Working on your elevator pitch
The elevator pitch is a short, sharp summary of your business that can be effectively delivered between the floors of an elevator. Put it this way you have between floors one and four with your best prospect, alone and uninterrupted in a lift. What do you say that will make him or her want to buy your product or solution and make them want to buy now!

Unfortunately, many people miss the key purpose of the elevator statement: Effective ones are carefully created to be just the right amount of information so that the listener is bound to ask for more. You will know you are on the right track when you get a response that suggests that the listener has had a taste, liked what they heard and want to know more.  If most people just smile and change the subject, your elevator statement needs work.

Working on an elevator pitch may seem like a daunting task but it can be a great exercise in refining your key messages about your business. Here are some practical guidelines that can help the process.

Put yourself in the client's shoes

For an elevator statement to be effective, it must be written from the client's perspective. It must deal with their problems and concerns. Ideally it paints a picture of their ideal future; a picture that includes you helping them reach their goals. This really is a case where it's not all about you.

Pull your office staff, and maybe even some marketing students at your local university (it is great experience for them too) together for a brain storming session. Get some butcher's paper with adhesive on the back (available at places like Officeworks) and some markers and get thinking.  Use sweets or chocolates as motivation and to make it a bit more fun. Remember that no idea is a bad idea and encourage people to think differently.

Once you get a page filled, pull it off and paste it to the wall. Move on to the next page. You might get three or four pages of reasons. Vote on the top three to five key words or phrases that describe what motivates your clients to work with you.

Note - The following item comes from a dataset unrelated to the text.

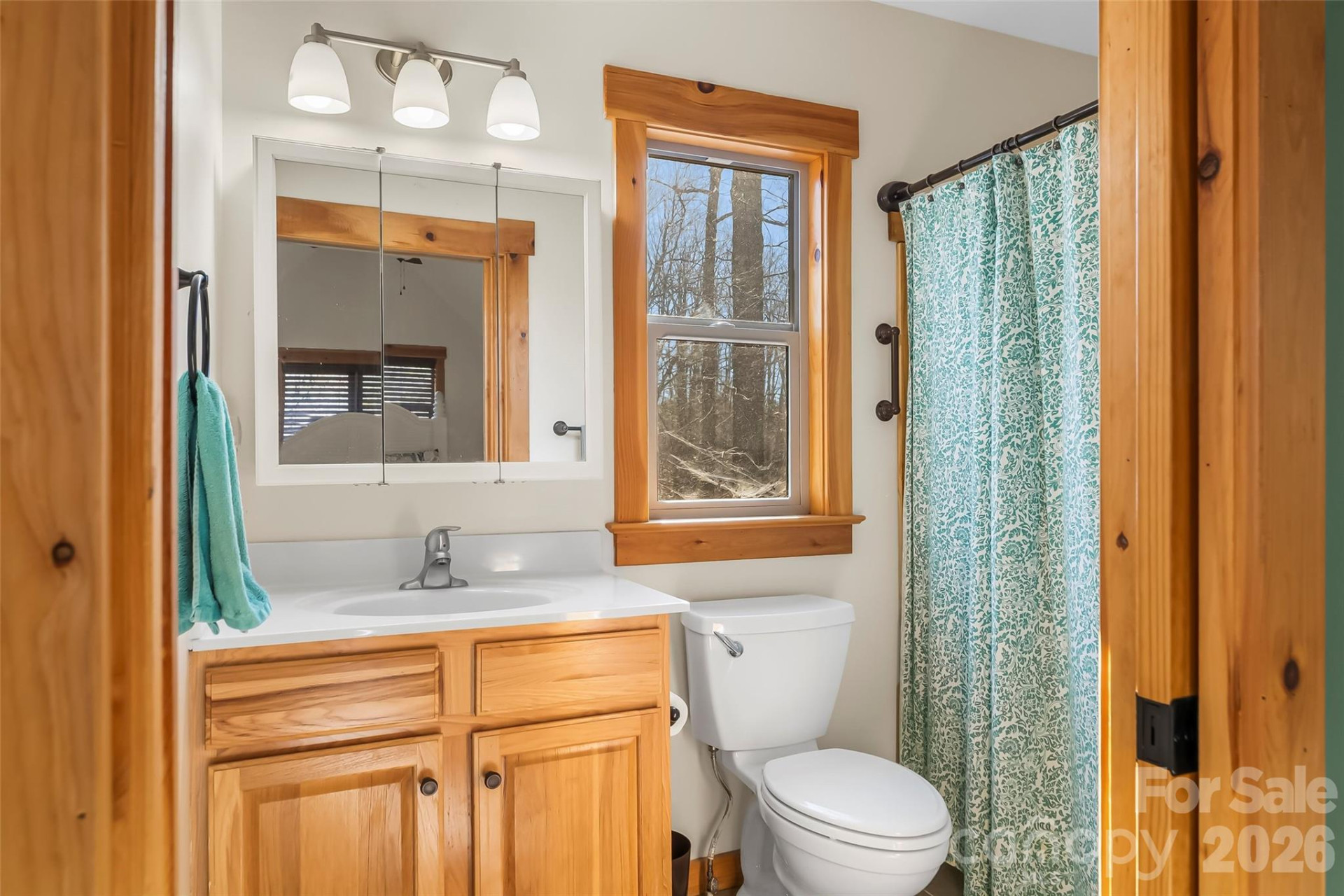 204 Mountain Vista Drive - Photo 27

Identify your target market

No successful business can be all things to all people. It is especially important to identify your target audience before crafting your elevator statement because it helps the listener decide if they fit into your target group. Then, try to include your target market in your statement.

Phrase your statement putting benefits first

Remembering that this is about what you can do for your target market phrase your elevator pitch as a benefits first:

"I manage ABC Widgets. We provide ______________, ________________, and ________________, for ________________, so our customers can achieve xy and z."

Commit it to memory

Everyone in your firm needs to memorise your elevator statement. They are all ambassadors for your business and need to be able to have this statement come naturally when they meet a client or a prospect. You should never miss the opportunity for a cost free advertisement and not to mention a pitch for your company.

Test it out on your key stakeholders and your best clients

Let them tell you if it is compelling and motivates them to want to do business with you.

So now that you have your elevator pitch, it's time to get out their and test it. Good luck!